The new rules which also constitute the latest trends in HR go beyond “reskilling” efforts or plans for new and better career. They require that organisations take a closer look at leadership, structures, diversity, technology, and the overall employee experience in “new and exciting ways.”

“Over the last five years, organisations have radically changed the way they measure, evaluate, and organise employee performance. Today, with much initial experimentation, continuous performance management practices are being deployed on a wide scale” Deloitte’s report stated.

From the report’s findings, while the digital revolution appears unstoppable and is disrupting traditional brick-and-mortar industries at the speed of light, business productivity is yet to keep pace with technological progress. Productivity growth remains low. In Nigeria, for instance, only 43 percent of organisations are preparing for the future of workforce and workplace.

These are critical issues that the ten trends in the 2017 report attempts to address. Aside leadership which ranks first, respondents to the survey said they considered career as the second most important trend. They alluded to the fact that the concept of career is being shaken to its core, driving companies toward “always-on” learning experiences that allow employees to build skills quickly, easily, and on their own terms. New learning models both challenge the idea of a static career and reflect the declining half-life of skills critical to the 21st century organisation.

Away from career, the report sought to establish that talent acquisition now represents the third most important challenge that companies face. Eighty-one percent of respondents to the survey said it was very important. The report pointed out the new breed of cognitive technologies radically transforming recruitment which is at the early stage of the digital revolution.
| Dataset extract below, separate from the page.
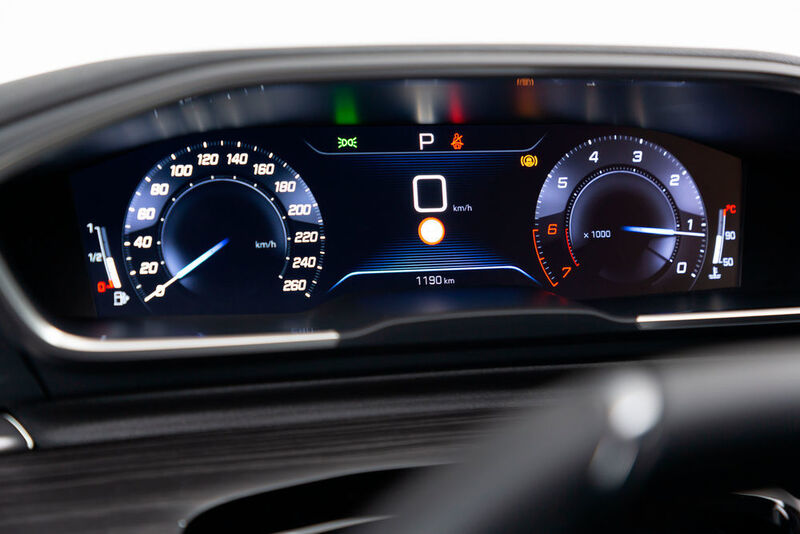 Statt Analoguhren gibt es das digitale i-Cockpit von Peugeot, das vom Fahrer je nach Laune gestaltet werden kann. (Peugeot)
The fourth trend focused on changing culture and engagement patterns as leading organisations broaden their focus to include employee journeys, studying the needs of their workforce, and using net promoter scores to understand the employee experience.

Olofinsola said it is becoming clear that the appraisal system will not achieve organisations objectives; hence many are beginning to replace it. “Employee engagement is becoming holistic,” he said.

HR technologies however have not quite caught up, new approaches to performance management are working, and they are increasing productivity and changing corporate culture. Organisations are clamouring for more agile, diverse, and younger leaders, as well as new leadership models that capture the ‘digital way’ to run businesses.

Capturing the digital way however must be driven by a digitised HR. “This means going beyond digitising HR platforms to developing digital workplaces and digital workforces, and to deploying technology that changes how people work and the way they relate to each other at work,” the report stated.

Sadly, HR executives are not keeping up with these trends. The number of HR teams that believed their capabilities was good and excellent fell from 39 percent in 2016 to 36 percent in 2017.

Other trends include effectively employing data through analytics, ensuring workplace diversity, equity and inclusion, and considering the role of the future workforce, especially robotics in the workplace.